Bloomberg Technoz, Jakarta - Ketua Umum Asosiasi Pengusaha Indonesia (APINDO) Shinta Kamdani mengatakan dirinya kerap mendapat keluhan dari para investor asing terkait dengan ketidakpastian mengenai regulasi upah minimum di Indonesia.

Pernyataan itu disampaikan sejalan dengan rencana pemerintah yang saat ini juga kembali akan mengubah aturan upah minimum provinsi (UMP) 2025, yang telah mengalami perubahan sebanyak empat kali.

"Saya baru datang lawatan dari luar negeri, di mana kami mempromosikan Indonesia selalu dikatakan open for business. Tapi dengan kondisi ini, ini banyak pertanyaan dari investor, 'Ini apa yang terjadi?', 'Mengapa ada perubahan lagi?', 'Bagaimana ini ke depannya?'," ujarnya dalam Media Briefing di Jakarta, Selasa (26/11/2024) malam.

Shinta mengatakan, kebijakan yang terus-menerus berubah soal upah minimum tesebut juga menyebabkan kebingungan dan keraguan di kalangan investor.
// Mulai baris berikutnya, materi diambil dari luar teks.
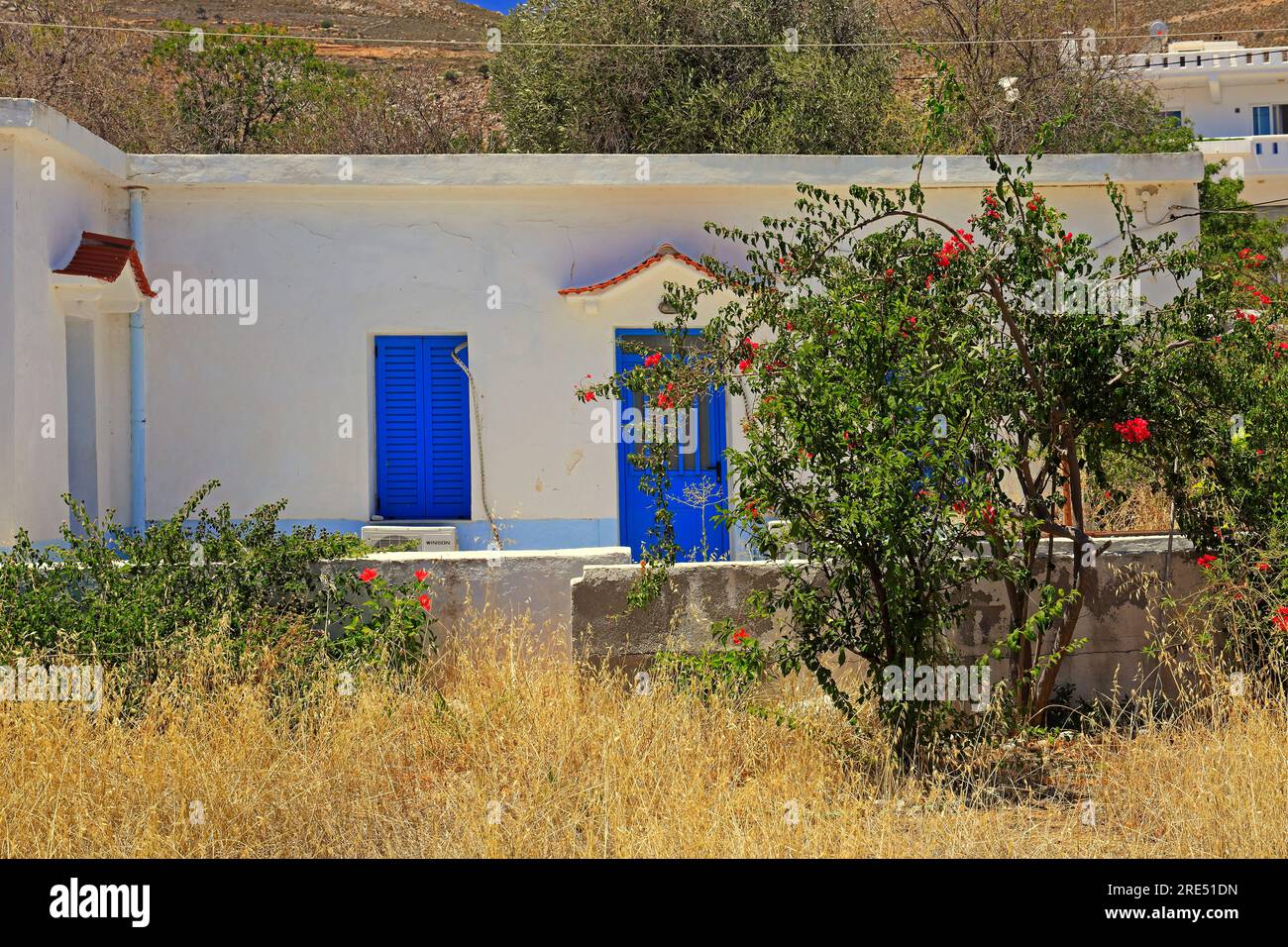 Casa e giardino di stile tradizionale, imbiancati con porte e finestre blu. Isola di Tilos, vicino a Rodi, Dodecaneso, Grecia Foto Stock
Selain itu, hal tesebut juga turun membuat pengusaha kesulitan dalam mengalkulasikan rencana bisnis ke depan.

"Jadi keputusan ini agak mengejutkan banyak pihak, karena sebenarnya kalau kita melihat daripada Undang-Undang Cipta Kerja, khususnya mengenai klaster ketenagakerjaan, memang ini suatu proses yang sudah berjalan cukup panjang," tutur Shinta.

"Dan ini juga bukan keputusan kami dari pelaku usaha, tapi pemerintah yang juga sudah melibatkan konsultasi daripada banyak pihak termasuk pelaku usaha, termasuk juga dari buruh, masyarakat luas dan lain-lain."

Mahkamah Konstitusi sebelumnya resmi mengabulkan sebagian permohonan uji materil undang-undang Cipta Kerja yang diajukan oleh kalangan buruh, yang meliputi FSPMI, KSPSI, KPBI, KSPI, dan juga Partai Buruh

Sebagian dalam putusannya, MK memerintahkan pemerintah agar kluster ketenagakerjaan dikeluarkan dari UU Cipta Kerja.

Selain itu, MK jga meminta pembentuk UU, yakni DPR dan pemerintah menyusun UU Ketenagakerjaan baru dalam waktu maksimal dua tahun, sekaligus meminta agar substansi UU Ketenagakerjaan baru menampung materi yang ada di UU No 13/2003 tentang Ketenagakerjaan, UU No 6/2023, dan sejumlah putusan Mahkamah Konstitusi.